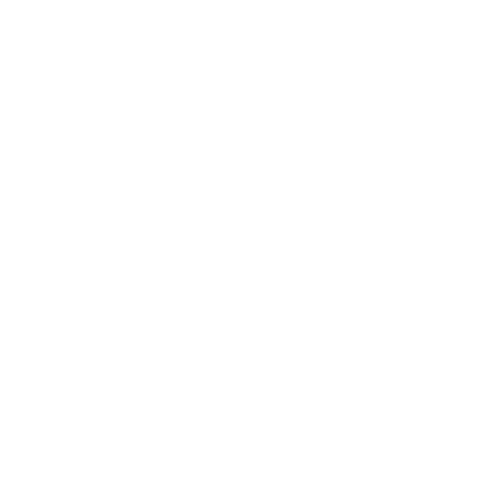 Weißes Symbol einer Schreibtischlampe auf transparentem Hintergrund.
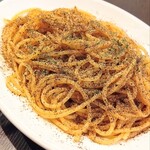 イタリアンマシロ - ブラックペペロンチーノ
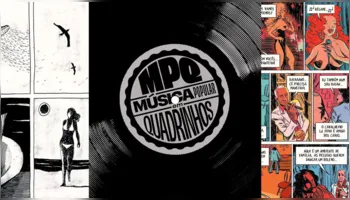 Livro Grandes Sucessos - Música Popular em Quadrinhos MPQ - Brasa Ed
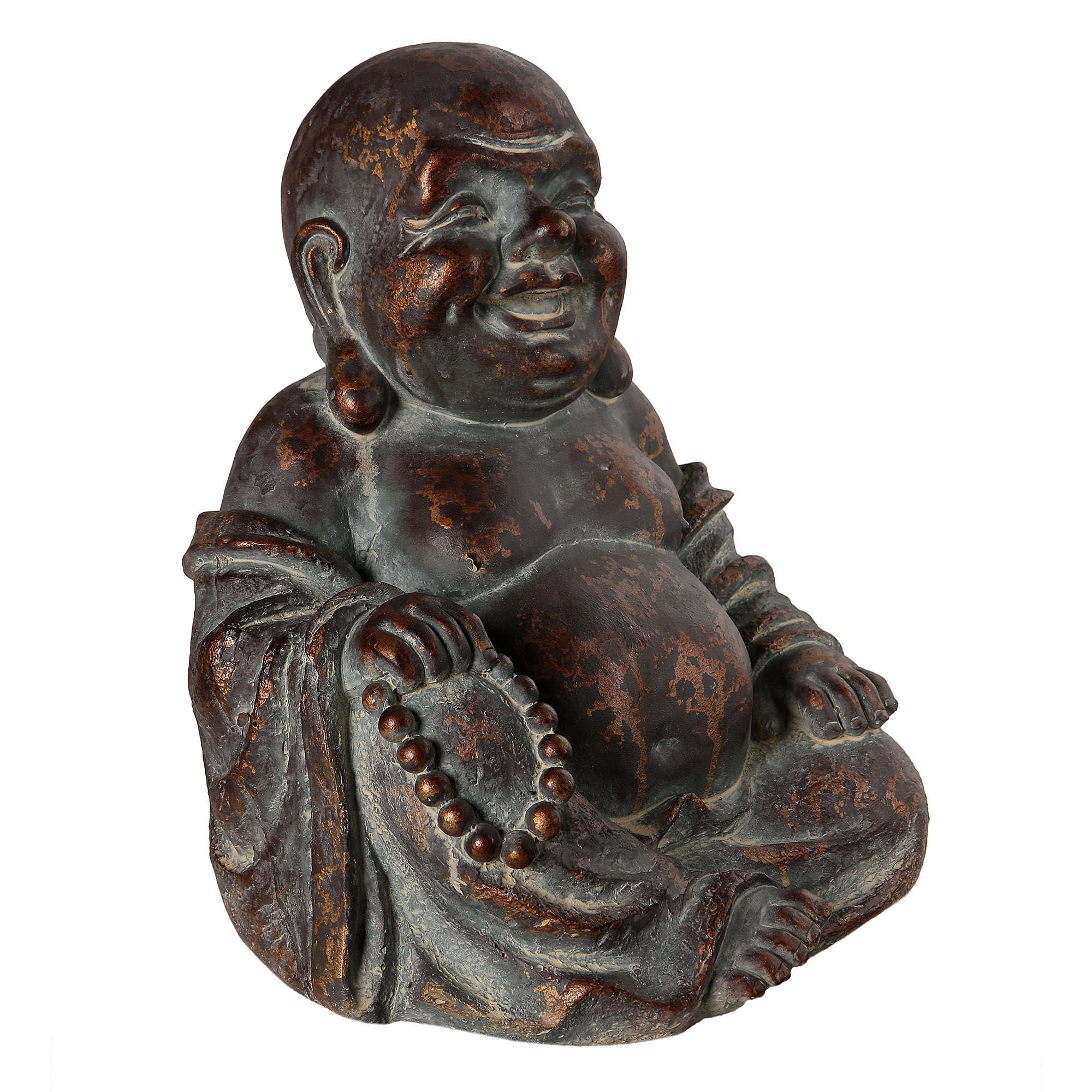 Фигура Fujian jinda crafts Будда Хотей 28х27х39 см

§

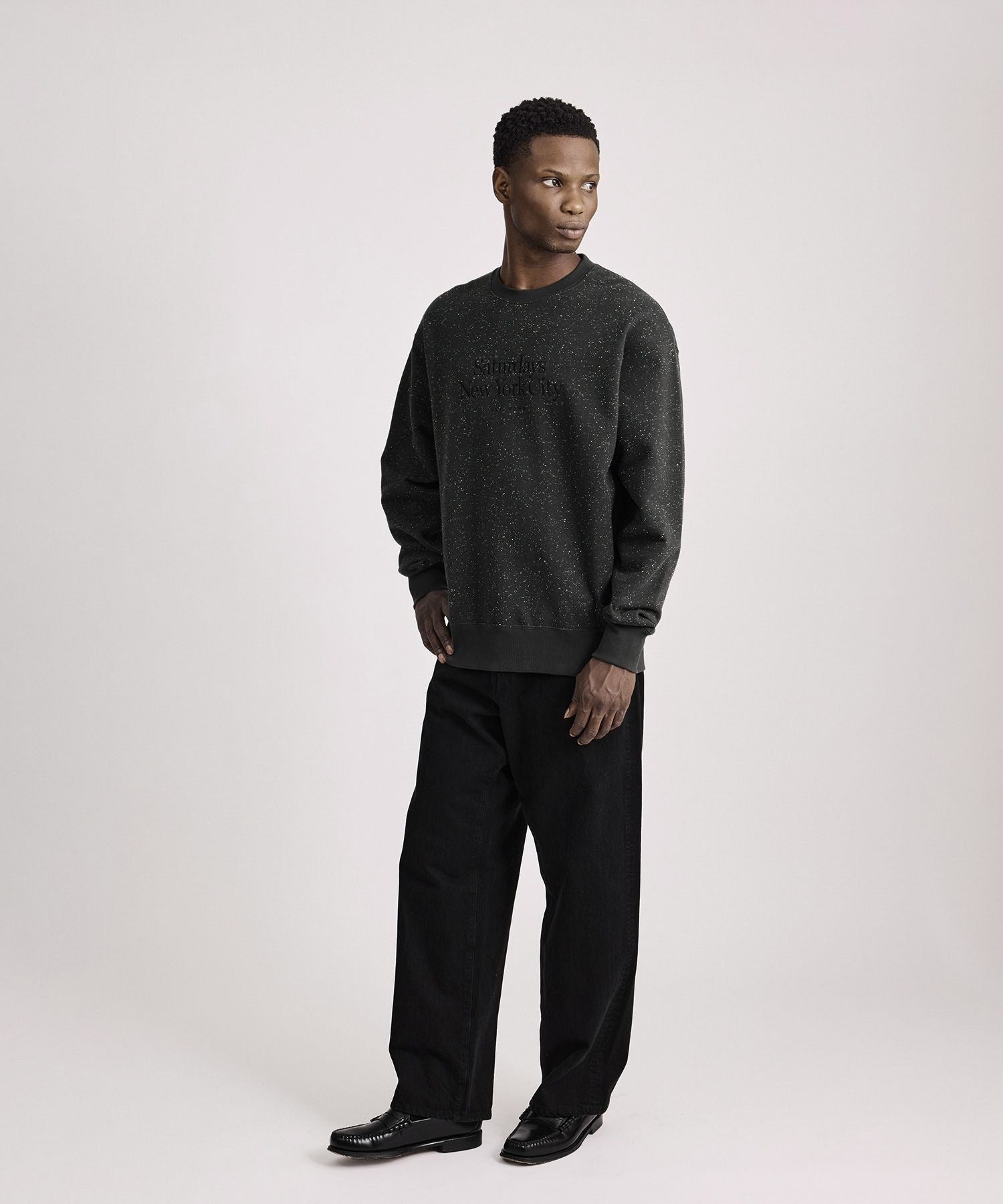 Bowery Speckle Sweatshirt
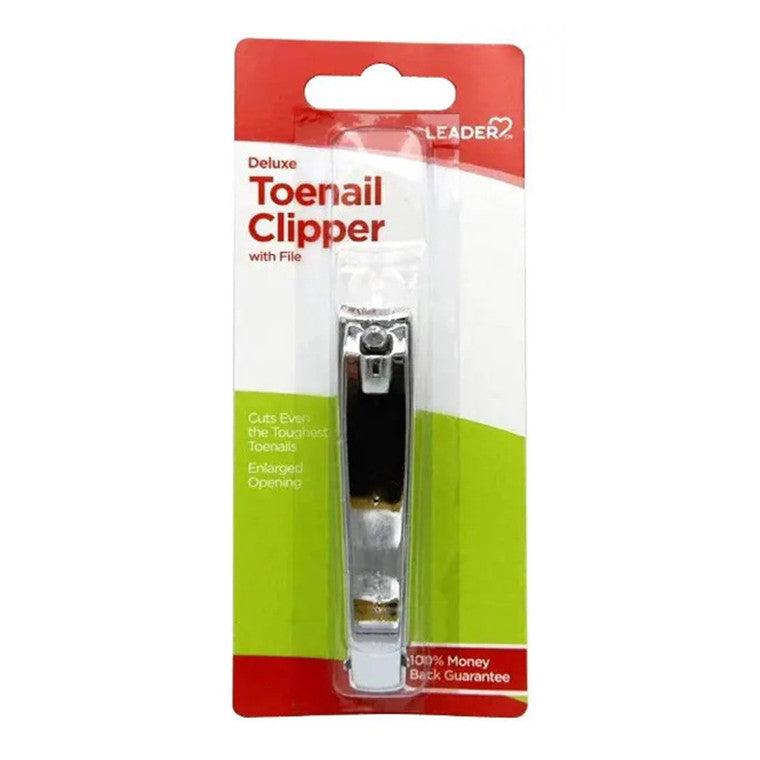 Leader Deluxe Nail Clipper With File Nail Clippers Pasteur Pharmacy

§

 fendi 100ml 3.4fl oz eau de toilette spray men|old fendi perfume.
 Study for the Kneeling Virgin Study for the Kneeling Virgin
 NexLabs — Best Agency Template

§

Task description:
Of the entries above, transcribe exactly those lines that fall between the line containing "Study for the Kneeling Virgin Study" and the line containing "NexLabs — Best Agency Template", together with those two lines.

Exercise answer:
 Study for the Kneeling Virgin Study for the Kneeling Virgin
 NexLabs — Best Agency Template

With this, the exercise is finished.